Me pone nervioso este tipo. Igualmente
supongo que la felicidad, dada la naturaleza social humana, también es cosa del
entorno. Hago otro fernet y pretendo cambiar de tema.
—¿Y qué pasó con la de enfrente y su
coso jipi, che?
—Al pibe le empezó a ir bien. Parece que
encontró una forma de vida con eso de diseñar huevaditas con la computadora.

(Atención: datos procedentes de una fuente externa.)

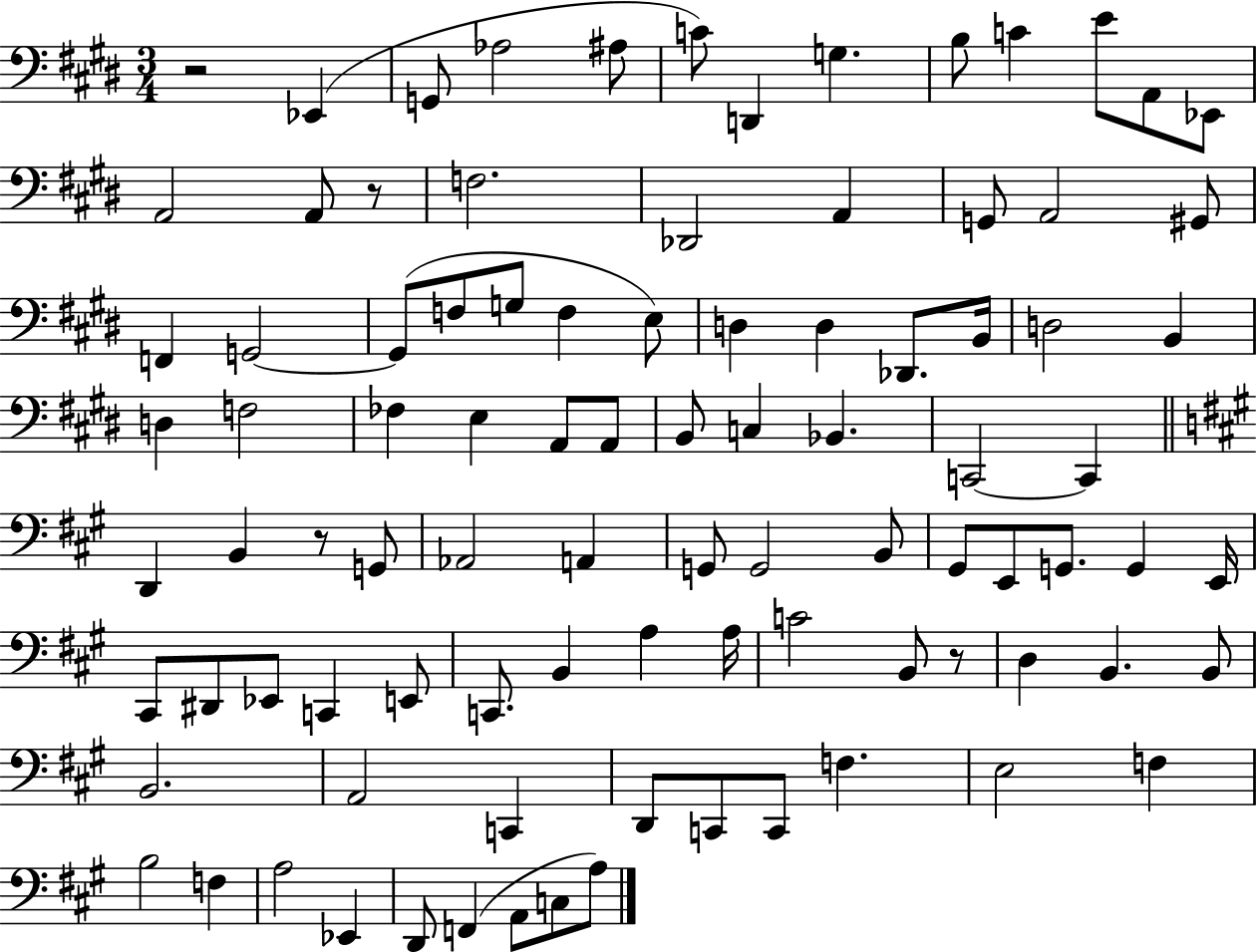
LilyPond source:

{
  \clef bass
  \numericTimeSignature
  \time 3/4
  \key e \major
  r2 ees,4( | g,8 aes2 ais8 | c'8) d,4 g4. | b8 c'4 e'8 a,8 ees,8 | \break a,2 a,8 r8 | f2. | des,2 a,4 | g,8 a,2 gis,8 | \break f,4 g,2~~ | g,8( f8 g8 f4 e8) | d4 d4 des,8. b,16 | d2 b,4 | \break d4 f2 | fes4 e4 a,8 a,8 | b,8 c4 bes,4. | c,2~~ c,4 | \break \bar "||" \break \key a \major d,4 b,4 r8 g,8 | aes,2 a,4 | g,8 g,2 b,8 | gis,8 e,8 g,8. g,4 e,16 | \break cis,8 dis,8 ees,8 c,4 e,8 | c,8. b,4 a4 a16 | c'2 b,8 r8 | d4 b,4. b,8 | \break b,2. | a,2 c,4 | d,8 c,8 c,8 f4. | e2 f4 | \break b2 f4 | a2 ees,4 | d,8 f,4( a,8 c8 a8) | \bar "|."
} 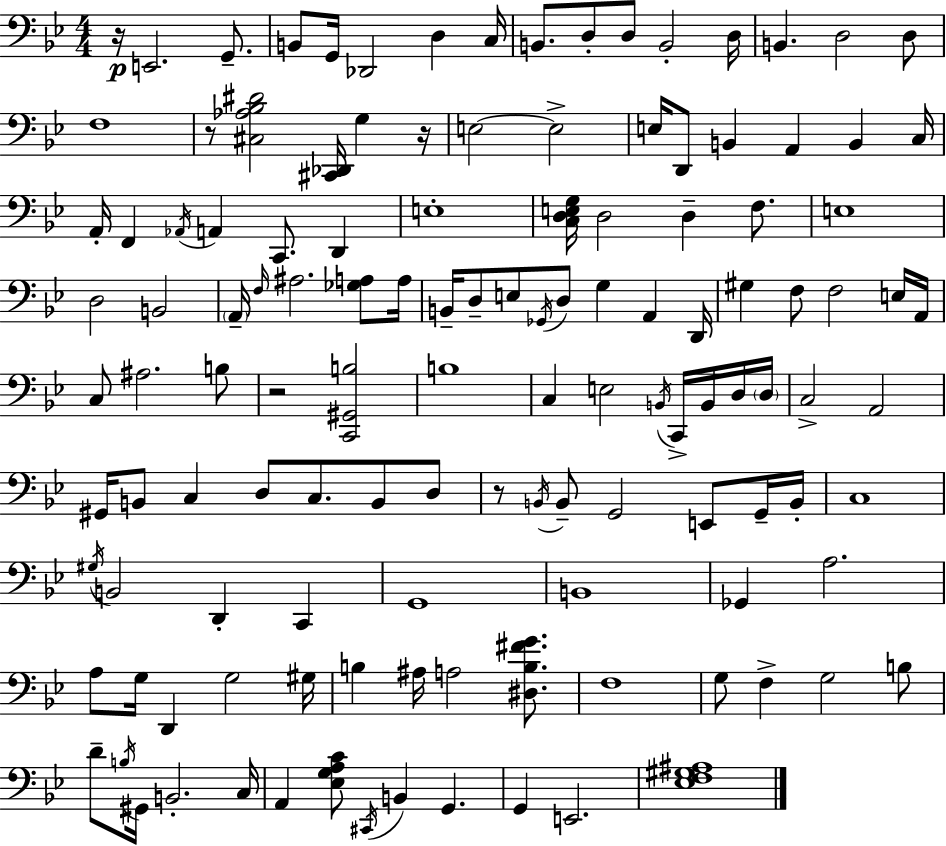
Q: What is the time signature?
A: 4/4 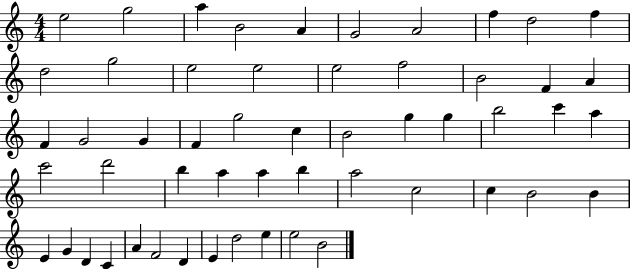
E5/h G5/h A5/q B4/h A4/q G4/h A4/h F5/q D5/h F5/q D5/h G5/h E5/h E5/h E5/h F5/h B4/h F4/q A4/q F4/q G4/h G4/q F4/q G5/h C5/q B4/h G5/q G5/q B5/h C6/q A5/q C6/h D6/h B5/q A5/q A5/q B5/q A5/h C5/h C5/q B4/h B4/q E4/q G4/q D4/q C4/q A4/q F4/h D4/q E4/q D5/h E5/q E5/h B4/h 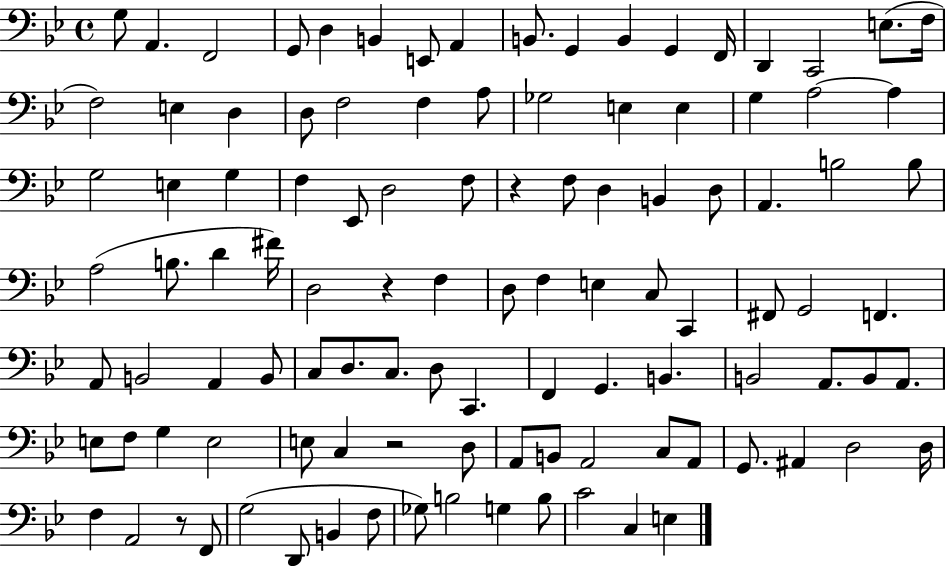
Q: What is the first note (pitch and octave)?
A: G3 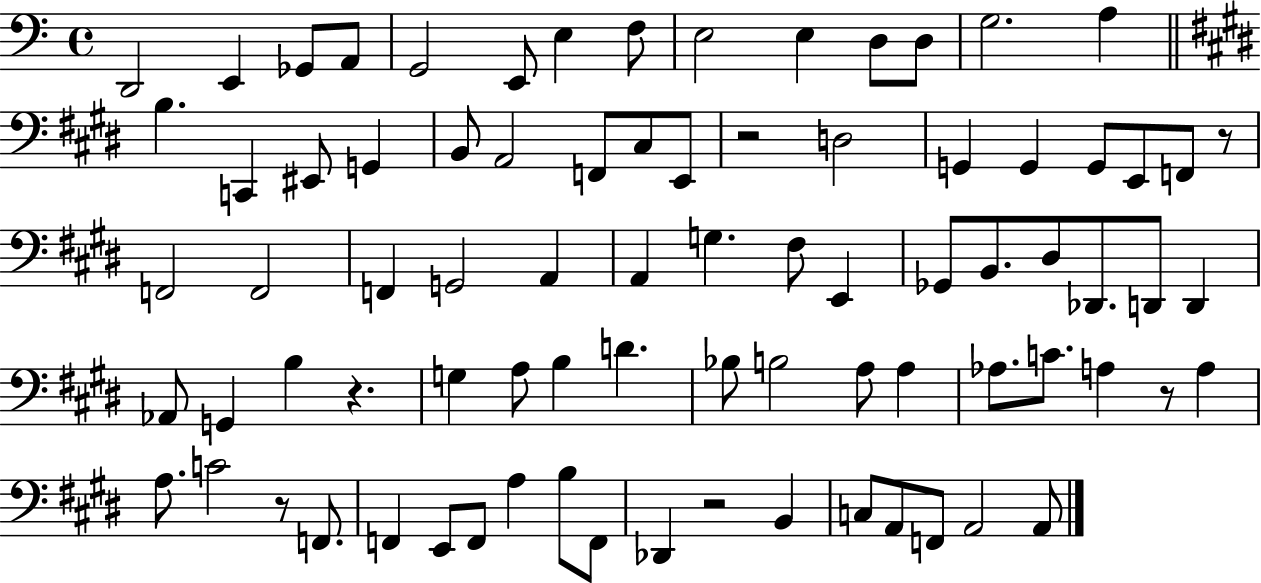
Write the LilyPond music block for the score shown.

{
  \clef bass
  \time 4/4
  \defaultTimeSignature
  \key c \major
  d,2 e,4 ges,8 a,8 | g,2 e,8 e4 f8 | e2 e4 d8 d8 | g2. a4 | \break \bar "||" \break \key e \major b4. c,4 eis,8 g,4 | b,8 a,2 f,8 cis8 e,8 | r2 d2 | g,4 g,4 g,8 e,8 f,8 r8 | \break f,2 f,2 | f,4 g,2 a,4 | a,4 g4. fis8 e,4 | ges,8 b,8. dis8 des,8. d,8 d,4 | \break aes,8 g,4 b4 r4. | g4 a8 b4 d'4. | bes8 b2 a8 a4 | aes8. c'8. a4 r8 a4 | \break a8. c'2 r8 f,8. | f,4 e,8 f,8 a4 b8 f,8 | des,4 r2 b,4 | c8 a,8 f,8 a,2 a,8 | \break \bar "|."
}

Dejó la birra y el paseo de perros. Digamos que descubrió una manera de
distraerse, viste, y encima le pagaban por eso.
—Trabajo, Juanca. Se llama trabajo.
—Cuando te dije que el chabón paseaba
perros no aclaraste lo mismo, flaco. La cosa es que andaba muy ocupado. La mina
se sintió un poco desplazada, viste.
—Un hombre responsable.
Se pone a revolver los cajones. Saca una
cuchara de madera larga y revuelve el contenido de la cacerola. Sigue el olor a
comida dándome hambre. Me pongo a pelar maní.
—Y no es muy difícil ver que el chabón
que ella se llevó a vivir a su casa no era el mismo que el que después andaba
ocupado con la maquinita —dice y se sienta a la mesa.
—Bueno, tampoco exageres, Juanca.
—Es la distracción. Vos fijate que
cuando el cuerpo necesita agua el cerebro suele interpretar que hay que tomar,
no sé, coca cola, ponele.
—¿Y eso qué poronga tiene que ver?
—Somos como cuerpos vacíos, maniquíes
hiperquinéticos que necesitan distraerse de su propio organismo. Somos aquello
en lo que creemos, como si no nos movieran los músculos, viste. A nadie define
cómo está ni cómo es, sino lo que hace. El pibe empezó a ver a la mina como a
una mísera empleada administrativa, mientras que él era un ser autónomo y
emprendedor, tres teléfonos tenía. No se puede ser feliz, actuar y pensar al
mismo tiempo, flaco.
—Y por eso los poetas dicen que el
dinero no hace la felicidad, ¿no cierto, Jotacé? ¿Ya sos jipi?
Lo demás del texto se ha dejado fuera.